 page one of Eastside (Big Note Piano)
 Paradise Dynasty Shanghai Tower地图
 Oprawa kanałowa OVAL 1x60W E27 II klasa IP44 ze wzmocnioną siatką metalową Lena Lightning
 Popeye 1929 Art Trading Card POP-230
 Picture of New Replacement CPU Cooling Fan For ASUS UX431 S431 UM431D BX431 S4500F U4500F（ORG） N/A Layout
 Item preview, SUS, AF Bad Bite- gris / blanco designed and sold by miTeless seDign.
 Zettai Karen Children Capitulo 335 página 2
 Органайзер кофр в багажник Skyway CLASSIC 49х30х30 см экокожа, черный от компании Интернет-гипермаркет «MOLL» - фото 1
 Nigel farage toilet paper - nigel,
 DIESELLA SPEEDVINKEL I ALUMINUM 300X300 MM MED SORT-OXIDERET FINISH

**Work instruction**
Each line of the material is to be copied exactly.

**Reply**
 page one of Eastside (Big Note Piano)
 Paradise Dynasty Shanghai Tower地图
 Oprawa kanałowa OVAL 1x60W E27 II klasa IP44 ze wzmocnioną siatką metalową Lena Lightning
 Popeye 1929 Art Trading Card POP-230
 Picture of New Replacement CPU Cooling Fan For ASUS UX431 S431 UM431D BX431 S4500F U4500F（ORG） N/A Layout
 Item preview, SUS, AF Bad Bite- gris / blanco designed and sold by miTeless seDign.
 Zettai Karen Children Capitulo 335 página 2
 Органайзер кофр в багажник Skyway CLASSIC 49х30х30 см экокожа, черный от компании Интернет-гипермаркет «MOLL» - фото 1
 Nigel farage toilet paper - nigel,
 DIESELLA SPEEDVINKEL I ALUMINUM 300X300 MM MED SORT-OXIDERET FINISH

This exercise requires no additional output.